How wrong I was.   Because when we are going through any difficulty, it’s  mostly ‘getting through it’, not , ‘getting over it’.  And in the struggle, the ‘one days’ turn into ‘one weeks’, and ‘one months’ and so on.  Then the other trueism ‘time is a healer’ kicks in, although it may take many years to come to peace and resolution.

Yesterday I saw the true meaning of ‘one day at a time’.  I was working the front desk of our incredible local hospice, when I noticed a lady walking slowly with a frame.  A couple of visiting kids were being a little boisterous and I hung back in the corridor to ‘watch her back’ and keep them away if they headed off in her faltering direction. 

We have many visitors and some are very old so I really wasn’t sure if she was a patient or a visitor.  I slowly caught up to her and said hi.   This lead to a wonderful conversation about the men’s open finals that had aired the night before and sport in general.   I immediately was drawn to this intelligent and humorous woman eager for some conversation.  She introduced herself and told me a little of her story.  A week ago she had been very sick and told there was nothing anyone could do.  Following a simple procedure, something unexpected happened.  She felt good.  Stronger, and for the first time in months hungry.  “I don’t know what is going on with me.  But I’m taking it one day at a time”.    She also felt that being relieved of the daily worries of running a house, and comforting everyone else about her diagnosis a weight had been lifted allowing her body to start something unexpected.  Whether is it ‘time’ or ‘a miracle’ she was grateful for every single day. 

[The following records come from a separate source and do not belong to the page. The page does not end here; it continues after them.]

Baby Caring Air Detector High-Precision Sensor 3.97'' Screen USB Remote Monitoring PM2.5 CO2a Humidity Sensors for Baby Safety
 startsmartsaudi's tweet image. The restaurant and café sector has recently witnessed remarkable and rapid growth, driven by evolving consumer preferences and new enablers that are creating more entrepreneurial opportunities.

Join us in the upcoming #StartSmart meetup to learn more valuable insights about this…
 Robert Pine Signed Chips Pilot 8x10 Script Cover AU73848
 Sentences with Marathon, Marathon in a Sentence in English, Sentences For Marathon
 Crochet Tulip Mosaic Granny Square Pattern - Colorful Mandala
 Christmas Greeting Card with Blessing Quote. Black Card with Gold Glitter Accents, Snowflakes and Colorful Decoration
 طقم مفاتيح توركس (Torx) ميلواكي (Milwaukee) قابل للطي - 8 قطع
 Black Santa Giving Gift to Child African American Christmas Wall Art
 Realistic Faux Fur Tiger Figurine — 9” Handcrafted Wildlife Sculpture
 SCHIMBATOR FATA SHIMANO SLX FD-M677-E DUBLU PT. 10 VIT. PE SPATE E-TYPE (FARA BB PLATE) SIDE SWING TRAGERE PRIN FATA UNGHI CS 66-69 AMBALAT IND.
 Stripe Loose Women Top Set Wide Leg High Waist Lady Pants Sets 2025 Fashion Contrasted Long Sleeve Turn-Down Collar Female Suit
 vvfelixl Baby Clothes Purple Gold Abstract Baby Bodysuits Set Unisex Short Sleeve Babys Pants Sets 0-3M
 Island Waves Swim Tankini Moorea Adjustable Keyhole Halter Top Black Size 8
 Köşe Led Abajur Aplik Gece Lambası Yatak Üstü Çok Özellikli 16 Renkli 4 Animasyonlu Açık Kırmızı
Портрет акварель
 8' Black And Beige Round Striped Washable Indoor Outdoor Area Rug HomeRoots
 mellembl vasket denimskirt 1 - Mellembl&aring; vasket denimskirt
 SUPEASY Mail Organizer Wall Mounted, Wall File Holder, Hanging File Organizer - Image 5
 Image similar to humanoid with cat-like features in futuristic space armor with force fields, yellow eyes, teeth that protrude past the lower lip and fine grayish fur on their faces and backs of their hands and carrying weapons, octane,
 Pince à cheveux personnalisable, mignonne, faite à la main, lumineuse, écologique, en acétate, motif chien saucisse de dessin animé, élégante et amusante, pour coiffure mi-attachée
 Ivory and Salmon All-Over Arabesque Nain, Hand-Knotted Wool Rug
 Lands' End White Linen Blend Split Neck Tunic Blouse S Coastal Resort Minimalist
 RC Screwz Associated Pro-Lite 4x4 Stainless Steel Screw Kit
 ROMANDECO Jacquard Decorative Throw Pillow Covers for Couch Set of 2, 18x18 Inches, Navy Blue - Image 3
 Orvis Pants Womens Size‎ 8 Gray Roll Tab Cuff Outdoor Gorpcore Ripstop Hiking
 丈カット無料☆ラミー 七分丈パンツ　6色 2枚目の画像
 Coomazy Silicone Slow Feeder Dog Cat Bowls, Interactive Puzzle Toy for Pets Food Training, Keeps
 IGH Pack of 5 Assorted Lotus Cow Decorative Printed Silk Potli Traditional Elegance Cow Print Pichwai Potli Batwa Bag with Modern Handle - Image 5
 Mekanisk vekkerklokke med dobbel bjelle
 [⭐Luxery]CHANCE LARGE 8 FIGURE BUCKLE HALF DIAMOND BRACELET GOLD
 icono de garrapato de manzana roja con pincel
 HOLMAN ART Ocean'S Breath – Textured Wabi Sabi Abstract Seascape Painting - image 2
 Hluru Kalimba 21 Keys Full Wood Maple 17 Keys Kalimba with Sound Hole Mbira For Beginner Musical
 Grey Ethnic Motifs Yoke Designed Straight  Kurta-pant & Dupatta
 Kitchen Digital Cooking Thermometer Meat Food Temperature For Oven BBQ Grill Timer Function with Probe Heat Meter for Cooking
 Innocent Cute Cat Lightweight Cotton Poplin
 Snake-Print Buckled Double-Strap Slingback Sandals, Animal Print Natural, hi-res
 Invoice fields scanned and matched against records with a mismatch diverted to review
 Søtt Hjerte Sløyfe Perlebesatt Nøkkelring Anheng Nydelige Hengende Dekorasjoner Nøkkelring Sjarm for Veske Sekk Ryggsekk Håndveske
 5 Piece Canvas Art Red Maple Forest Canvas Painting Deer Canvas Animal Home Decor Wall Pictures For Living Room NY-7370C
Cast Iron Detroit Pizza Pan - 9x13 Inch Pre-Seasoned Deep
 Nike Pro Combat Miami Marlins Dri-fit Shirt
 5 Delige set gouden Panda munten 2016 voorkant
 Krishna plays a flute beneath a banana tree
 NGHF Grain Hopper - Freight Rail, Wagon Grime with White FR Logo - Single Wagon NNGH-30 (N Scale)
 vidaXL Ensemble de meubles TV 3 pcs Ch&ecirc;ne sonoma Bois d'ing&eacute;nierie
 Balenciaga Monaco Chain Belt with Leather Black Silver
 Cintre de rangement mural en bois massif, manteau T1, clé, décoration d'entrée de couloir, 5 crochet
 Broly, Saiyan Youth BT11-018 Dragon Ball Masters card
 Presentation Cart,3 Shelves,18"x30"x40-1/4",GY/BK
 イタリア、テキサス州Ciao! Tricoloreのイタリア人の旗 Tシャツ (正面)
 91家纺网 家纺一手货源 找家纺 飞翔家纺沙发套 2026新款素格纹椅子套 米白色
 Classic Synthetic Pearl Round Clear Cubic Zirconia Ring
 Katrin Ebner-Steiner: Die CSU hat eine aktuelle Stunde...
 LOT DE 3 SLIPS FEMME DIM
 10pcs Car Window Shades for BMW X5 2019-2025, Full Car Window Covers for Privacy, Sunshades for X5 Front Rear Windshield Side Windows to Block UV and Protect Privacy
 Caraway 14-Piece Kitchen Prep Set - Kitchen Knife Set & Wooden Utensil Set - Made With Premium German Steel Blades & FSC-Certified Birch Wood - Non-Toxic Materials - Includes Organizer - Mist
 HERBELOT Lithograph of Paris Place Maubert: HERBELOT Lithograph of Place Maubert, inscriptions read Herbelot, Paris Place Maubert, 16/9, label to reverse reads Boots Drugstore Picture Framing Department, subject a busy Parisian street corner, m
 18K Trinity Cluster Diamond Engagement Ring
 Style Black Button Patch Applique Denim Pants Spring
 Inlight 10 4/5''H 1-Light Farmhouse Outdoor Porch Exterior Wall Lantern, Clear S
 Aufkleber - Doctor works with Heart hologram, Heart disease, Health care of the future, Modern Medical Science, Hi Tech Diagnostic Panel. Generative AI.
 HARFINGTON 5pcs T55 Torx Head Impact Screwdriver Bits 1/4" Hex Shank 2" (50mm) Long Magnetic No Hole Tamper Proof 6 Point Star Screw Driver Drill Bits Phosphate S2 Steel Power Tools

So it hit me.  Here was a woman so grateful for the simple feelings of hunger and strength.  Things that I take for granted all the time.  Hunger to me is an aggravation.  I’m overweight, love food, and never want to feel hungry again.   I suddenly realised that even ‘hunger’ is an incredible gift.  It’s a marker of good health.  Of your body working exactly the way it should.   And strength.  I’m a strong woman and think nothing of grabbing the other side of a fridge of washing machine to move it (although the trash compactor did a number on my back this week).   I have always taken my strength for granted.  It has been useful, but not appreciated.

She’s in my prayers.  I’m praying for her continued good health.  This wonderful 64 year old woman, who told me  ‘this place is like a bloody spa! is living every day.   We have a date for next Tuesday.    While she is grateful for every day of  feeling better physically and mentally, I’m counting the days until I can see this inspirational woman again. 

And I’m thanking her for teaching me not to fear ‘hunger’ and take ‘strength’ for granted.   To celebrate these two incredible gifts I have been given.